La originalidad de la película reside en su rechazo de los mecanismos convencionales del terror. Los sobresaltos y el gore explícito están ausentes. En su lugar: un pavor sostenido arraigado en las texturas reconocibles de la vida matrimonial, la intromisión vecinal y la dependencia médica — miedos que tienen un peso real porque Polanski se niega a distinguirlos de los sobrenaturales. La película plantea preguntas que se niega a responder limpiamente, y la ambigüedad persiste mucho después de la escena final.

Como híbrido genérico, «La semilla del diablo» consigue la difícil hazaña de hacer que sus registros dramático, de suspense y de terror se refuercen mutuamente en lugar de diluirse. El terror intensifica el drama doméstico; el drama doméstico hace que el terror sea personal. La disciplina de Polanski mantiene unido este equilibrio — nunca permite que un solo elemento sobrepase a los demás.

En su momento, la crítica elogió la película por su enfoque del suspense y sus interpretaciones. Roger Ebert observó que conocer el desenlace de la historia no reducía su eficacia — un testimonio de la habilidad de Polanski para hacer del viaje, y no del destino, la fuente del pavor. A lo largo de las décadas, la película ha obtenido un amplio reconocimiento por la forma en que basa sus concepciones sobrenaturales en las ansiedades del matrimonio, la ambición y el cuerpo femenino.

La influencia de la película en el terror posterior es sustancial y rastreable. Sus preocupaciones son legibles en El exorcista, Hereditary y toda una generación de películas que absorbieron la lección de Polanski: que el pavor funciona mejor cuando se arraiga en lo incómodamente familiar. El Óscar a la mejor actriz de reparto de Ruth Gordon sigue siendo una de las mejores interpretaciones individuales del género en recibir ese reconocimiento.

Adaptada de la novela de Ira Levin de 1967, la producción estuvo plagada de tensiones que, desde entonces, han teñido la lectura de la película. Farrow, entonces casada con Frank Sinatra, sufrió presiones de Sinatra para que abandonara el rodaje antes de que terminara; Polanski, casado con Sharon Tate, siguió adelante. Esa turbulencia personal a ambos lados de la cámara ha pasado a formar parte de la mitología de la película, dotando de una carga particular a su retrato de una mujer cuyas percepciones son desechadas y cuya confianza es utilizada como arma contra ella.

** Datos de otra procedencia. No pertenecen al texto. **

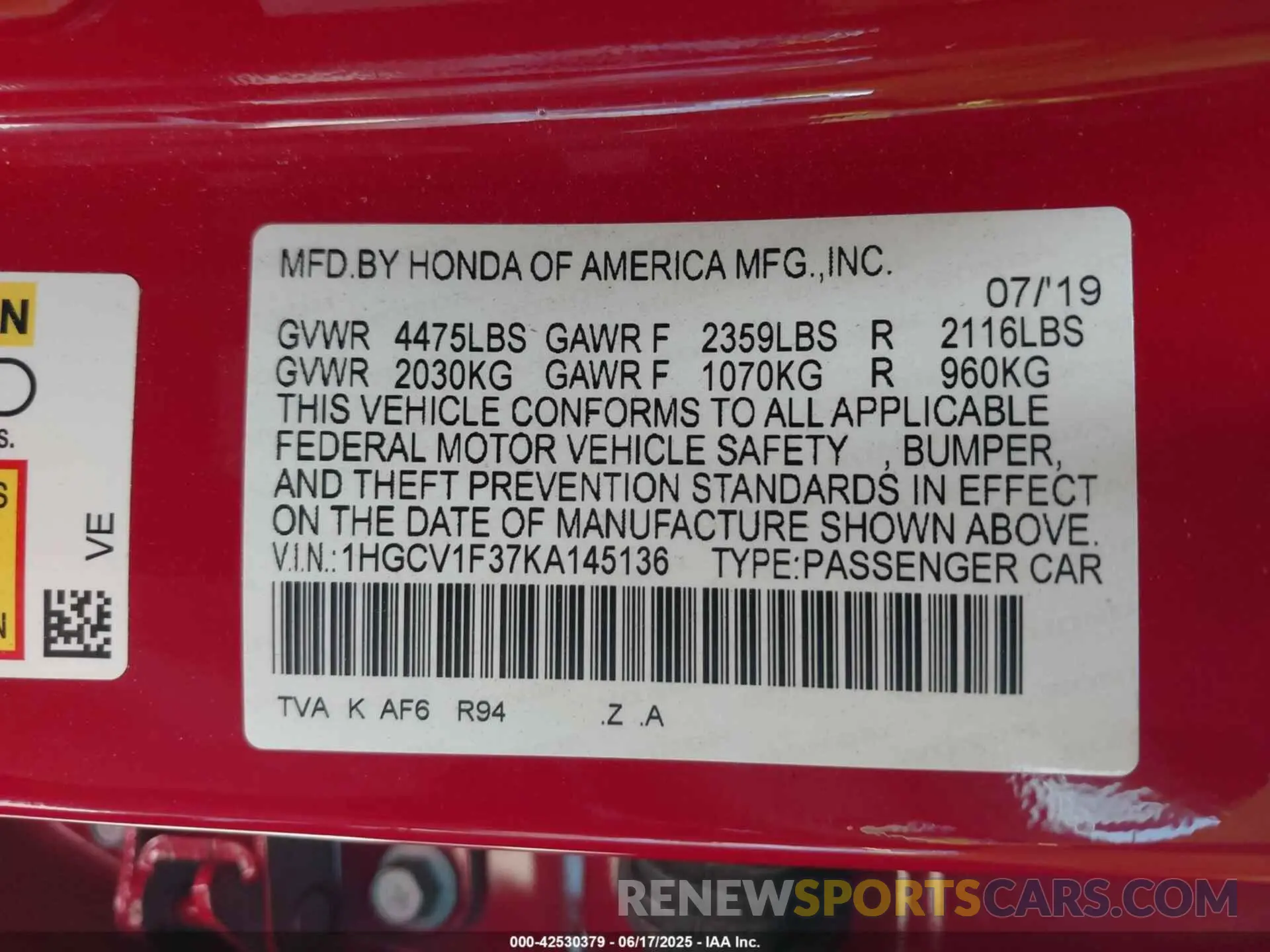 9 Photograph of a damaged car 1HGCV1F37KA145136 HONDA ACCORD 2019
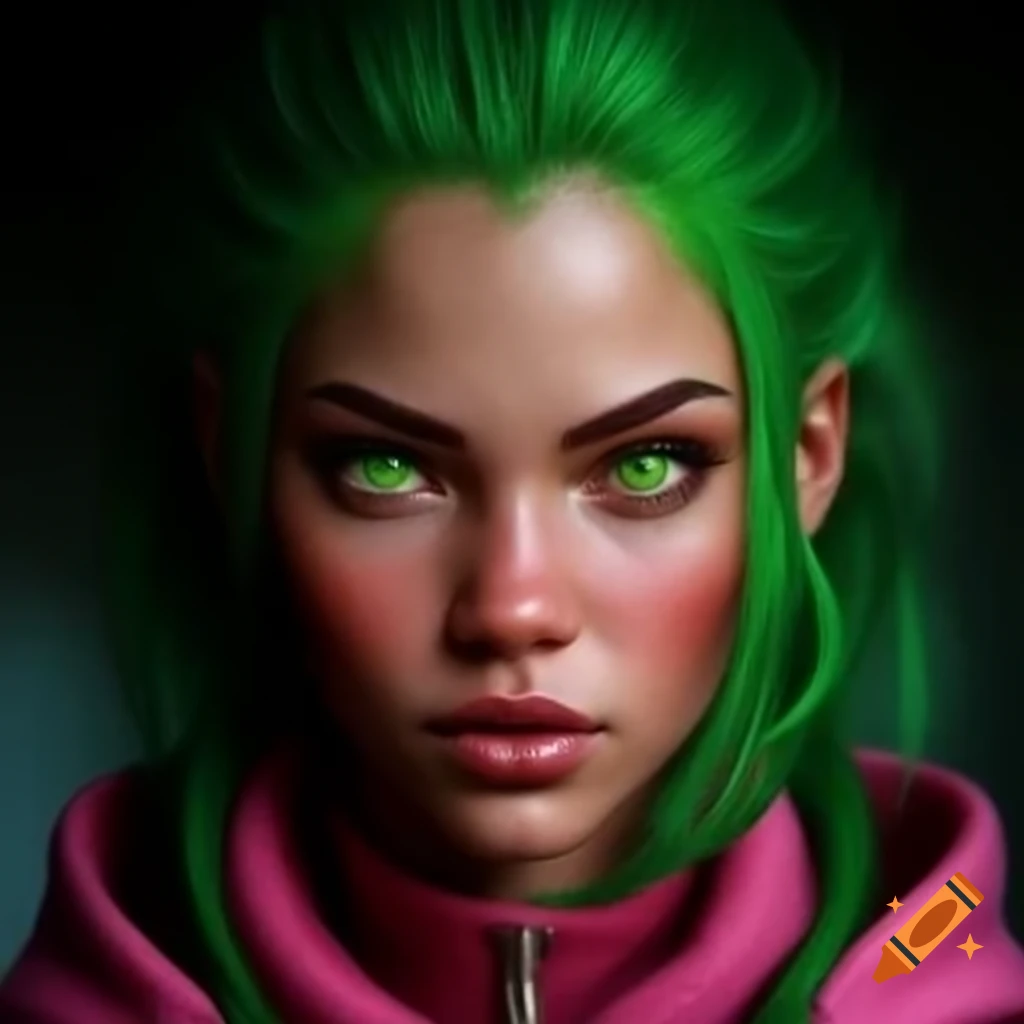 black-and-white-sketch-of-a-female-d-d-character-with-green-hair-and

Las elecciones visuales de la película merecen atención. Polanski utiliza los pasillos estrechos del Bramford y el mobiliario de época para construir una arquitectura de encierro — la cámara suele colocarse en ángulos que atrapan a Rosemary en rincones, marcos de puertas y espacios confinados. La iluminación es tenue sin ser turbia. El encuadre cercano y sostenido del rostro de Farrow a lo largo de toda la película lo convierte en un registro de alarma reprimida, cada escena añade un nuevo incremento de tensión.

Décadas después, «La semilla del diablo» no ha perdido ni un ápice de su incomodidad. Su exploración de la paranoia y la erosión de la agencia personal ha cobrado, si acaso, mayor puntería. La historia de una mujer cuyo cuerpo es tratado como propiedad, cuyas percepciones son desechadas, cuya confianza es utilizada como arma contra ella, ha encontrado nuevas audiencias sin necesidad de ser reinterpretada — la película contenía esos significados desde el principio. Su compromiso con la agencia femenina y los peligros de la confianza ciega ha cobrado especial resonancia en los últimos años. No porque la película haya cambiado. Sino porque su público lo ha hecho.